By Maya Rader
On the day of the Stuyvesant Town Greenmarket, Lucas Samascott wakes up at “only 4 o’clock,” as he said. On other days, he wakes up at 3 a.m. Samascott works for Samascott Orchards, a farm started by his grandfather in Fulton County, New York.
Samascott Orchards sells many kinds of produce, but mainly apples, growing over 100 different varieties.
Samascott’s job on the farm is centered around selling at farmer’s markets. When he isn’t running a stand, he’s loading trucks and gathering food to bring to the markets. Samascott Orchards has stands at Union Square, Columbia University, Dag Hammarskjold Plaza, Inwood Hill and 82nd Street markets. The farm has also been at the Stuyvesant Town Greenmarket ever since it first opened.
Samascott Orchards is not certified organic, but according to Samascott, though the farm uses pesticides, organic isn’t always better. He noted that some of the big organic companies whose products are found in the supermarket use what are known as organic pesticides.
By Maya Rader
Daego Albero has been working for the past three months at Valley Shepherd Creamery, a 120-acre sheep farm and cheese making facility in Morris County, New Jersey. The creamery makes sausages and dairy products including cheese, butter and yogurt.
On an average day, Albero pumps milk, boils it, presses it and molds it. He also cleans dishes. “Everything has to be clean, always,” explained Albero.

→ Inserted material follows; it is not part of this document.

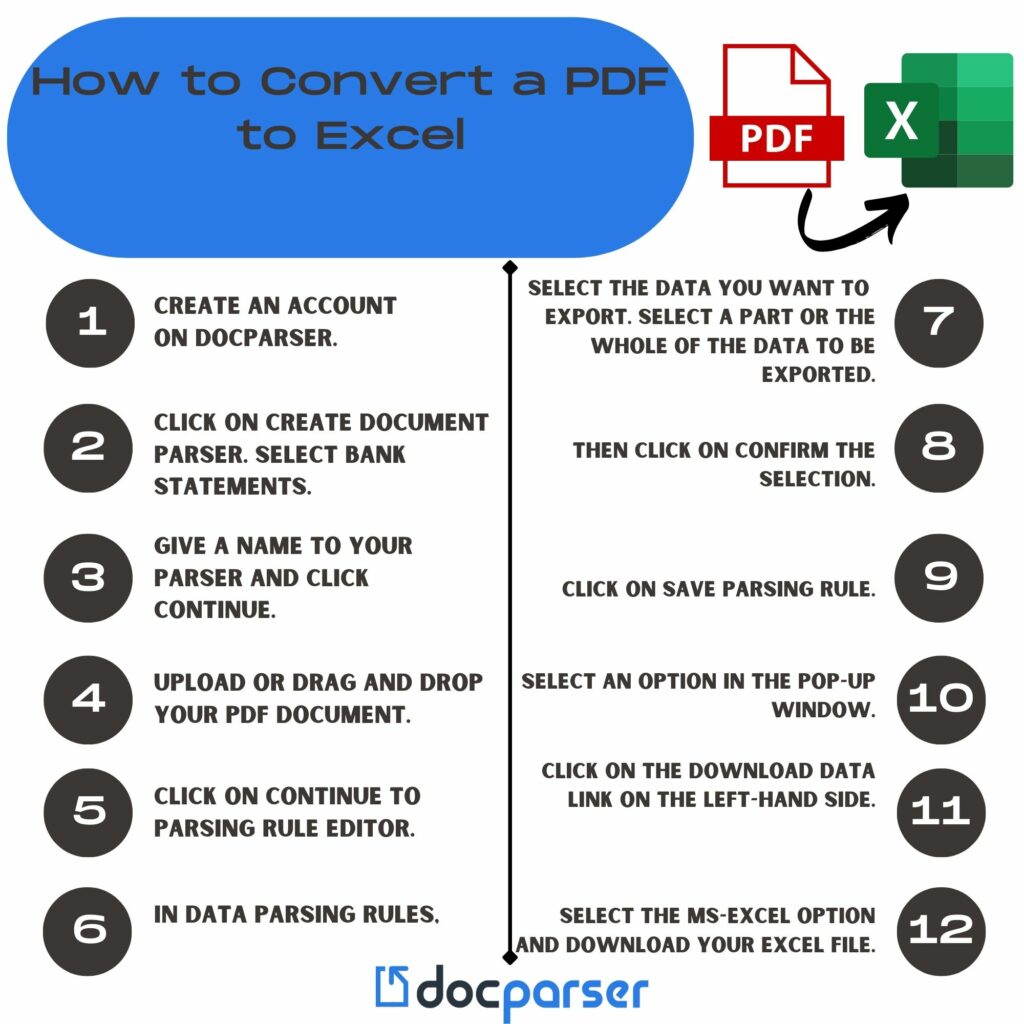 how to convert pdf to excel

One of Albero’s favorite parts of his job is working in the aging caves.
“We age the cheese in a cave because the conditions are not the same (as elsewhere),” said Albero.
Cheesemakers have been using caves for centuries because of the high humidity and cool temperature. Albero likes working in the caves because it is cooler. In other areas of the facility, Albero explained he’s “working in a cheese room that is maybe 100 degrees and really high humidity.” The heat is his least favorite part of the job.
By Maya Rader
Acevedo Farm is the definition of a family farm. The entire operation is run by 16-year-old Alexis Acevedo, his brother, his sister, and their parents in Goshen, NY. Although the ten-acre produce farm is not organic, it doesn’t use pesticides (except on their corn). They opted not to become certified organic, like many other farmers at the Stuyvesant Town Greenmarket, because of the complex and bureaucratic process to get certification. “It takes up to ten years,” said Acevedo. Acevedo Farm sells many types of produce including peppers, tomatoes, zucchini, and chard.
Before Acevedo was a farmer in Goshen, he lived in the nearby city of Middletown. When he was ten years old, he moved to Goshen, where his family started the farm.
Acevedo said one of his favorite parts of working on the farm is driving a tractor, which he has done since he was eleven.
“That’s the most fun thing to do on the farm,” said Acevedo.